Finding developers to assist with project issues is essential in Global Software Development (GSD) contexts, where various individuals with distinct characteristics are involved. Several recommending approaches lead to identifying the same group of individuals who end up work overloaded. Aiming to diversify the recommendation process, we introduced DRecSys: a diversity-based recommendation approach. We seek to identify individuals with characteristics similar to those previously requested to collaborate. To that end, we proposed a hybrid process composed of supervised (classification) and unsupervised (clustering) techniques.
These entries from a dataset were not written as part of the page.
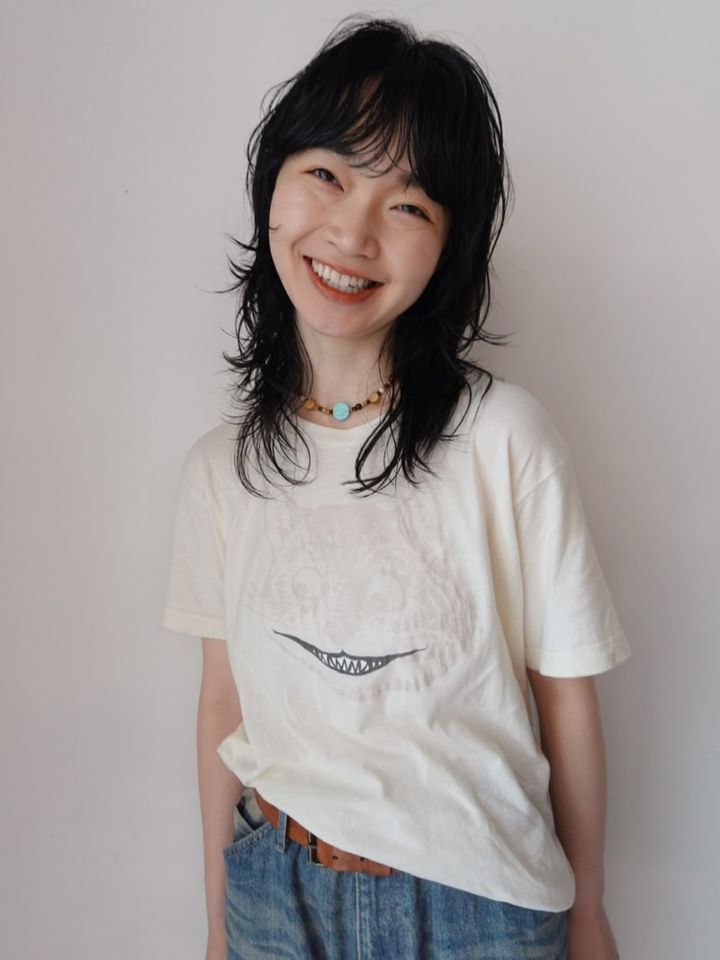 30代ヘアスタイル、エアリーウルフ、December jingumae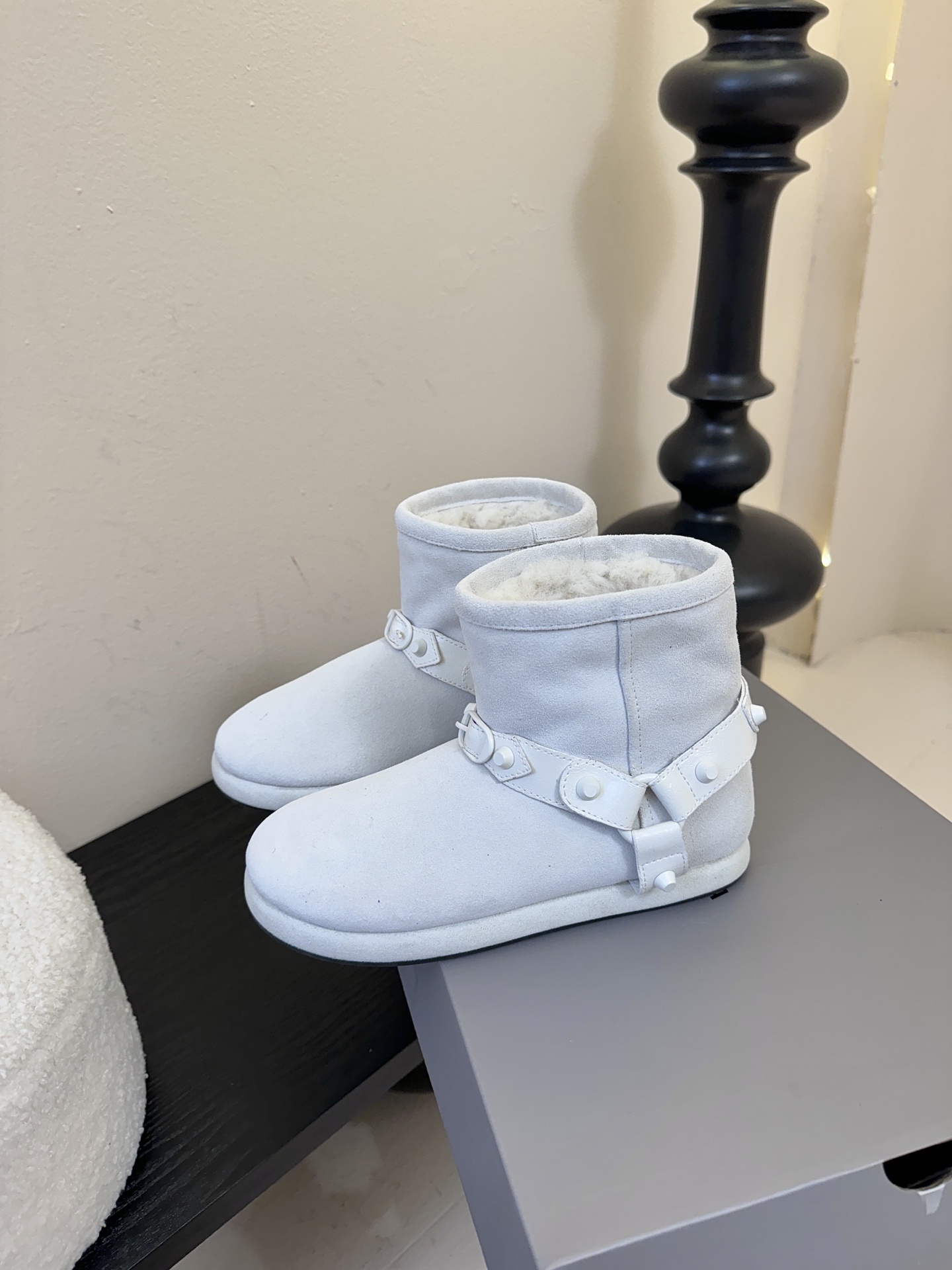 BALENCIAGA巴黎世家滑雪系列skiwear最新款阿拉斯加雪地靴 正品RMB390购入开发 完美复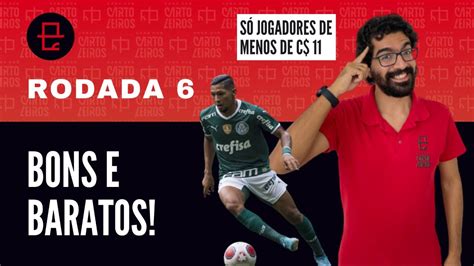 Dicas Cartola Fc Rodada Top De Bons E Baratos Para Poupar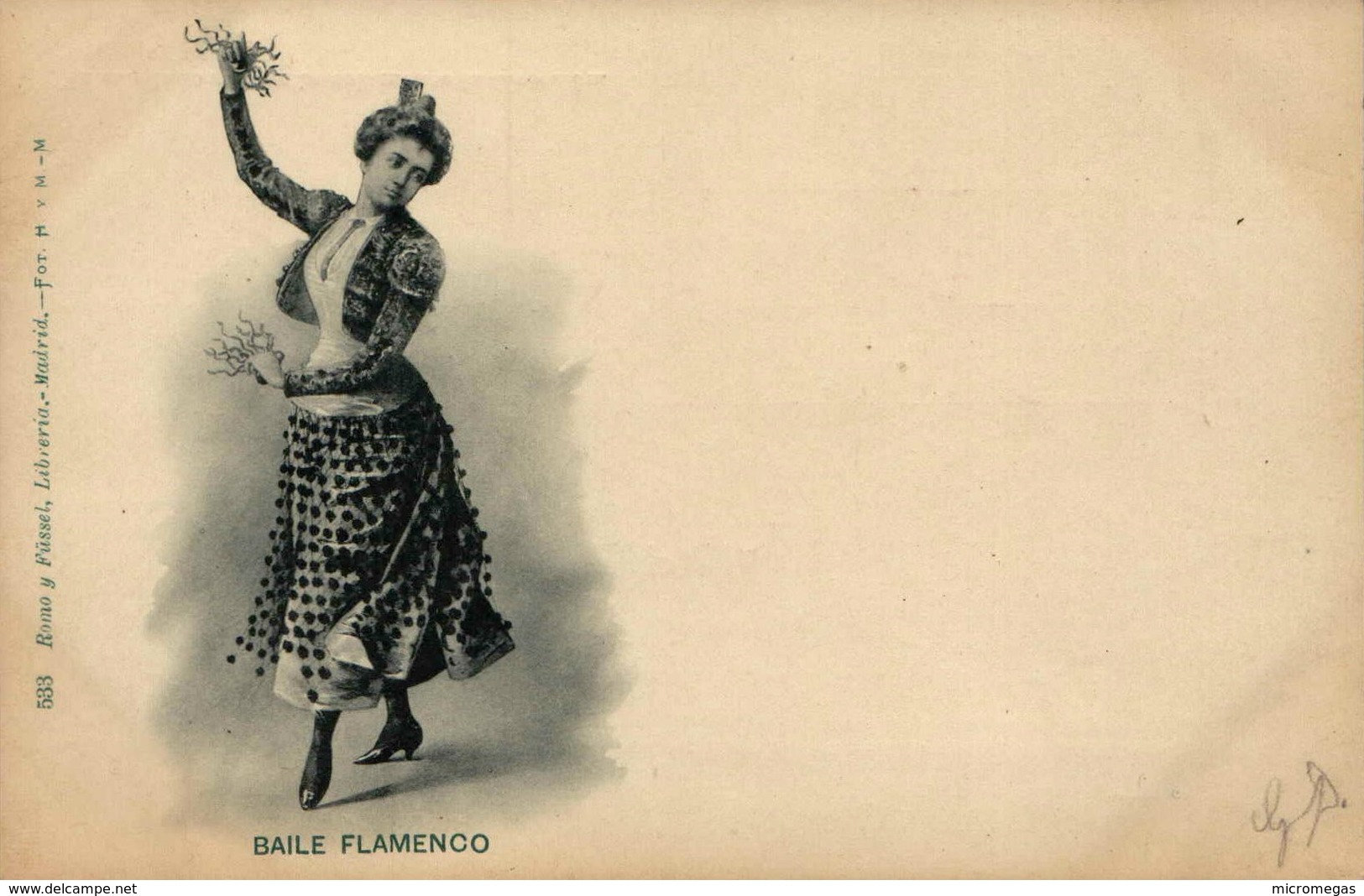 Baile Flamenco - Romo Y Füssel - Otros & Sin Clasificación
We provided evidence that DRecSys is able to recommend suitable non-obvious developers to assist with project issues.

Published Work

This work was published in the CSCWD 2020 : International Conference on Computer Supported Cooperative Work in Design, CSCWD.

Database

The full database can be downloaded in: https://drive.google.com/open?id=1zCclYWc5CIKpR-xqZDTEI0u2X7018gz3

Files:

  • pre-processing.py: pre-processing and data manipulation.
  • classification.py: classifying models.
  • complex-network.py: network modeling and centrality calculations.

Folders

  • instances: tests (example) data.
  • NetSCAN_result: netscan execution results.

Execution:

  • The database is first modeled as graph. For the network analysis use 'complex-network.py'.
  • NetSCAN algorithm [1] is used in order to find core nodes.
  • A new network is build using the core nodes. Many attributes can be extracted from the full database. The chosen attributes are: "author_id", "discussion", "review", "qntags", "pull", "requested". There are an example file inside the instances folder.
  • The Pre-processing.py file contains outliers scale reduction function, as well as normalization and instance splitting - test and training (optional).
  • The classification algorithms are in 'classification.py' file.